Le juge a constaté que « le contrat existant entre les parties a été dument signé, il n’est pas contesté que la prestation bien a été exécutée » (Motifs, section « À titre principal »). Cette appréciation des faits non contestés fonde la reconnaissance de l’obligation.
La valeur de cette décision réside dans l’application classique du référé provision. Elle illustre le pouvoir du juge d’accorder une provision lorsque l’obligation est certaine et que le défendeur est défaillant.

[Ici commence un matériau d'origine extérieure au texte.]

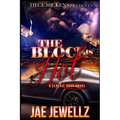 The Block is Hot: A Classic Hood Novel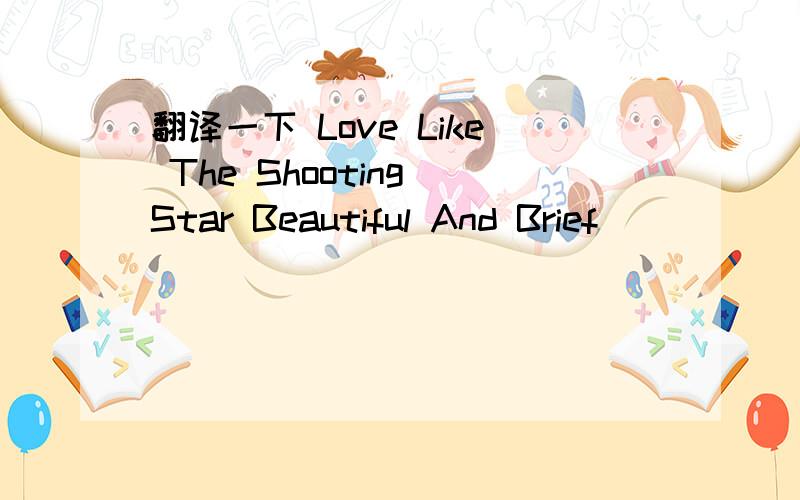 翻译一下 Love Like The Shooting Star Beautiful And Brief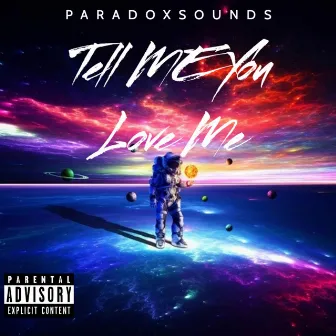 Tell Me You Love Me by Paradoxsounds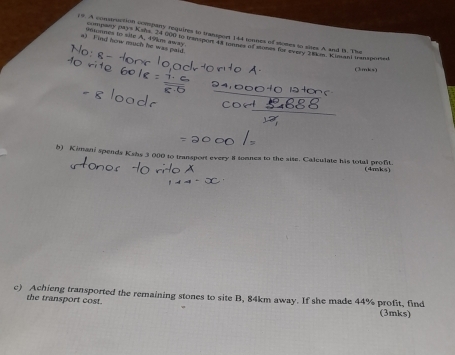 y9. A consmuction company requires in transport 144 tewnes of somes to shes A and B. The 
a) F ind how much he was paid 9monnes to site A. 49km away company pays Kahs 24 600 to trampon 43 tannes of stones for every 1km. Kimani transporsed 
(3mks) 
b) Kimani spends Kshs 3 000 to transport every i onnes to the site. Calculate his total profit. 
(4mks) 
c) Achieng transported the remaining stones to site B, 84km away. If she made 44% profit, find 
the transport cost. 
(3mks)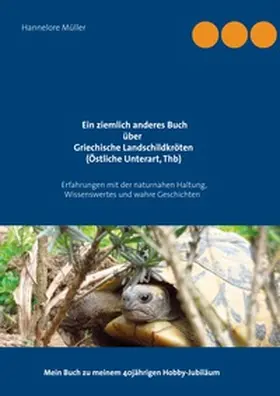 Müller |  Ein ziemlich anderes Buch über Griechische Landschildkröten (Östliche Unterart, Thb) | Buch |  Sack Fachmedien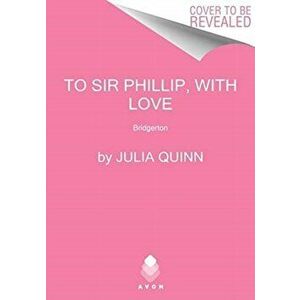 To Sir Phillip, with Love: Bridgerton, Hardcover - Julia Quinn imagine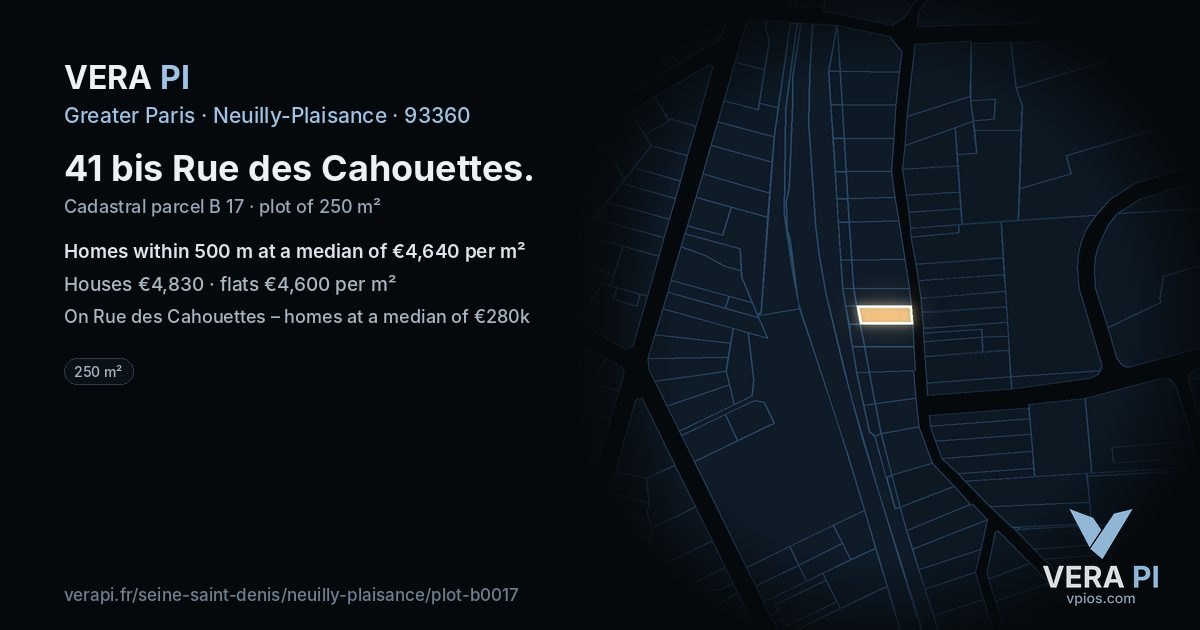41 bis Rue des Cahouettes, Neuilly-Plaisance at night – the plot lit, the parcels around coloured by the prices near them
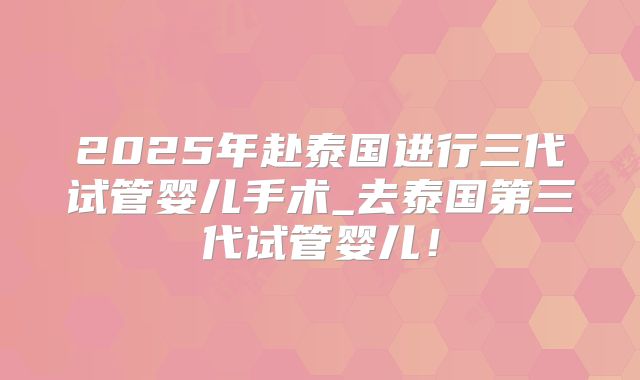 2025年赴泰国进行三代试管婴儿手术_去泰国第三代试管婴儿！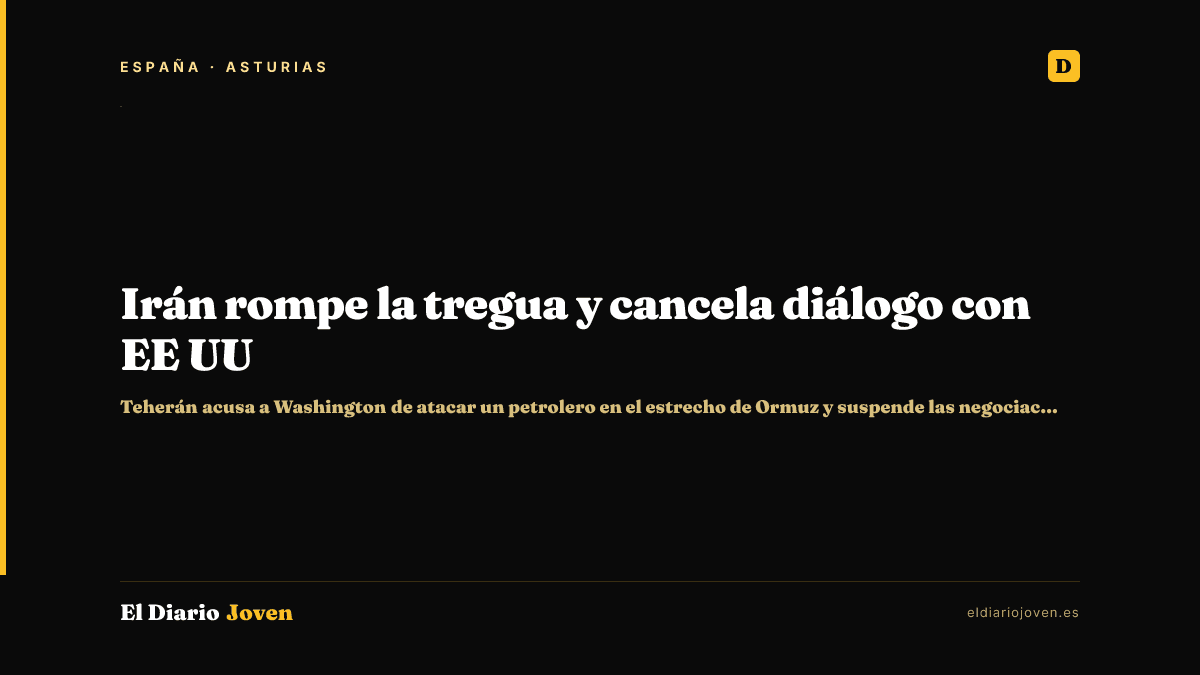 Irán rompe la tregua y cancela diálogo con EE UU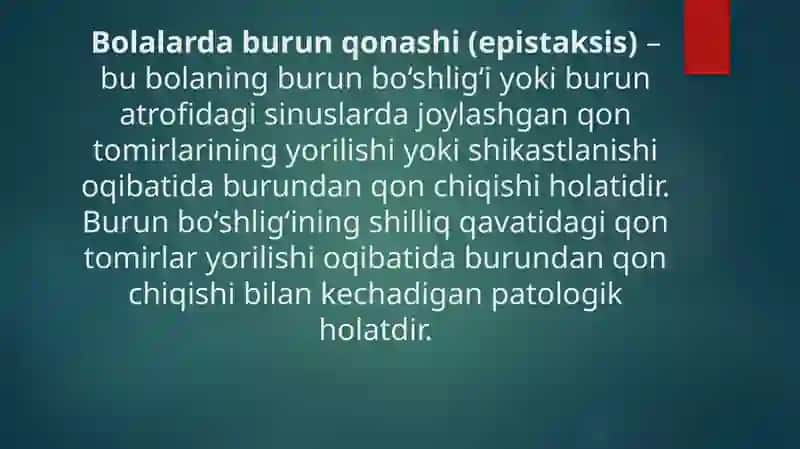 Bolalarda burun qonashi 2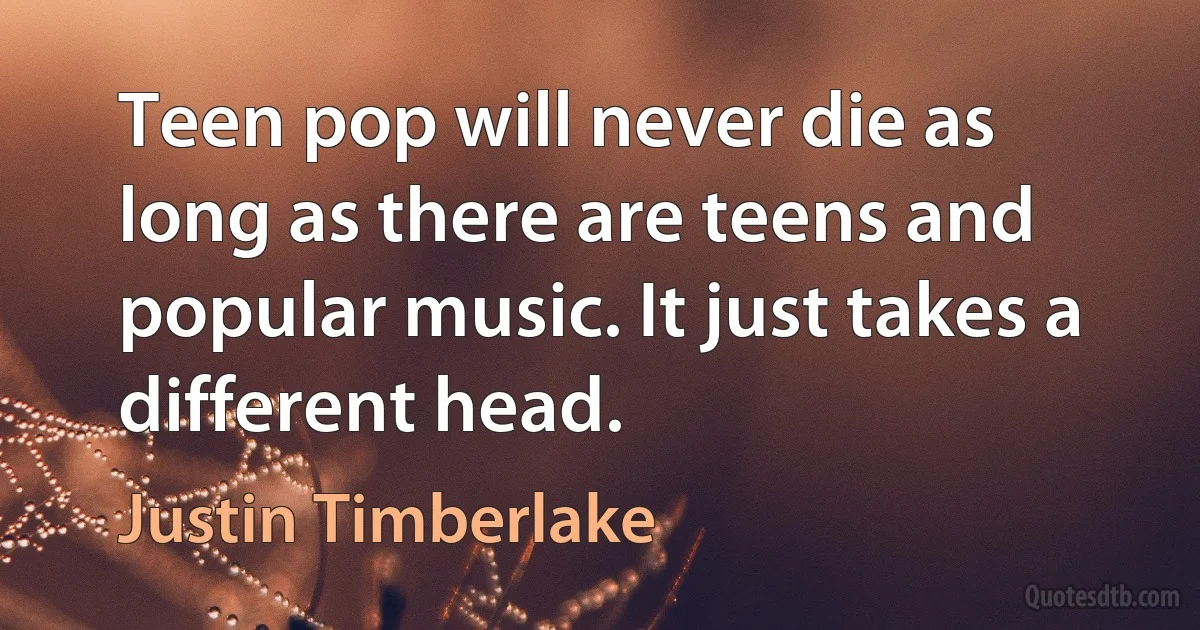 Teen pop will never die as long as there are teens and popular music. It just takes a different head. (Justin Timberlake)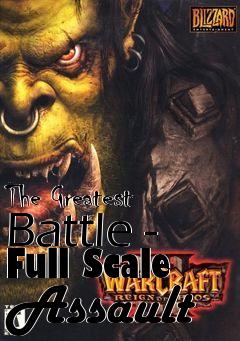 Box art for The Greatest Battle - Full Scale Assault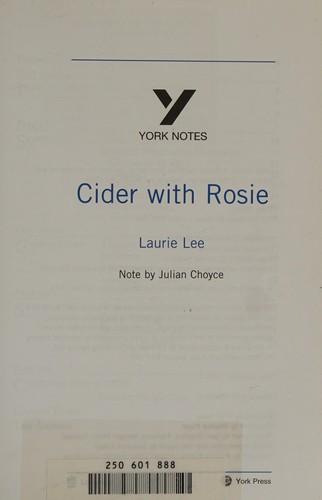 York Notes on Laurie Lee's "Cider with Rosie"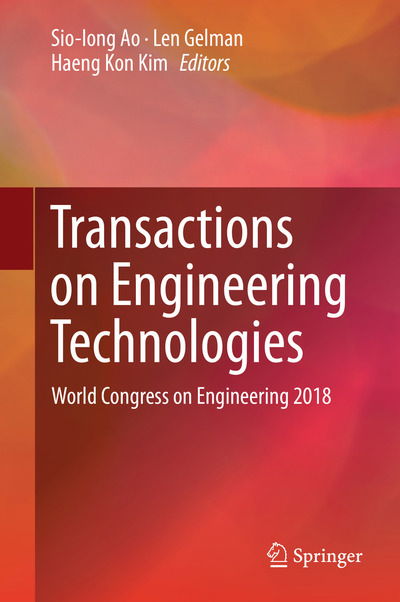 Transactions on Engineering Technologies - - Books - Springer Verlag, Singapore - 9789813295308 - January 9, 2020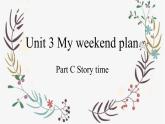 Unit 3 My weekend plan Part C（课件）人教PEP版英语六年级上册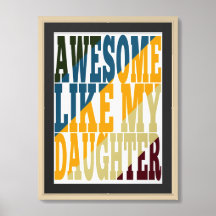 Awesome Like My Daughter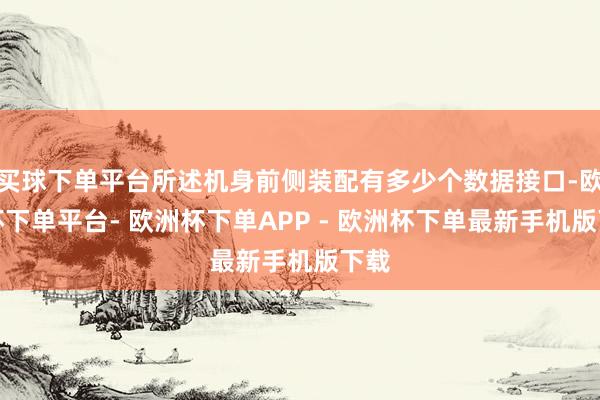 买球下单平台所述机身前侧装配有多少个数据接口-欧洲杯下单平台- 欧洲杯下单APP - 欧洲杯下单最新手机版下载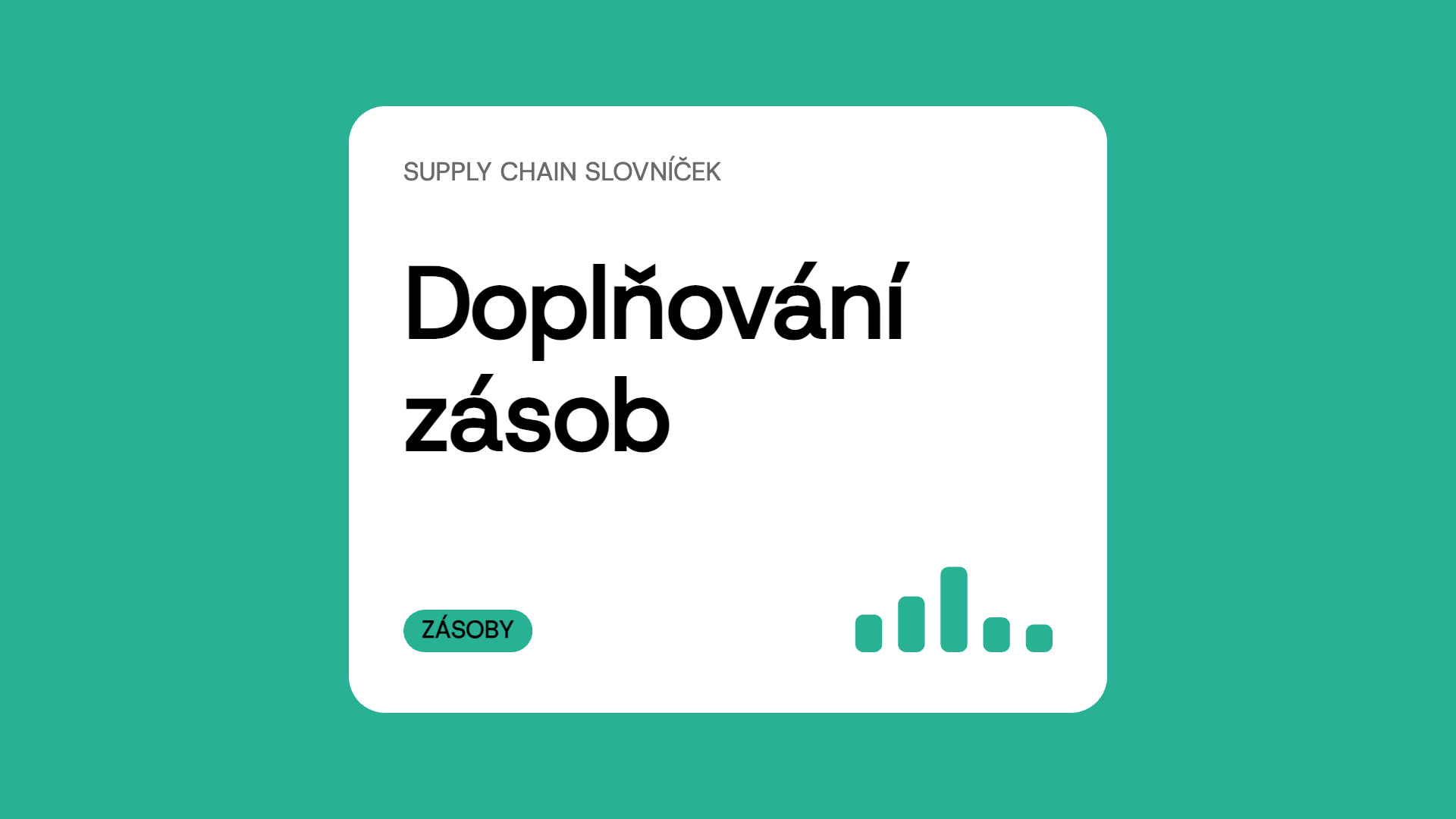 Doplňování zásob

La portée de cette solution est de rappeler que le défaut de comparution du défendeur ne fait pas obstacle à la demande. Le juge doit simplement vérifier le bien-fondé de la créance sur pièces.
II. L’admission des accessoires de la créance et des frais de procédure
Le juge a également fait droit aux demandes accessoires, notamment l’indemnité forfaitaire de recouvrement et les frais irrépétibles. Il a statué sur ces points en application des textes spéciaux.
Concernant l’indemnité forfaitaire, le juge a relevé que « cette indemnité forfaitaire pour frais de recouvrement a été portée sur les conditions générales de vente » (Motifs, section « Sur l’indemnité forfaitaire pour frais de recouvrement »). Il a jugé cette indemnité légale et donc de droit.
La valeur de cette solution est de confirmer le caractère automatique de l’indemnité forfaitaire prévue par le code de commerce. Elle sanctionne le retard de paiement sans nécessité de prouver un préjudice.
La portée de la décision est de rappeler l’importance des conditions générales de vente. Leur insertion contractuelle permet d’activer des pénalités et indemnités sans contestation possible en référé.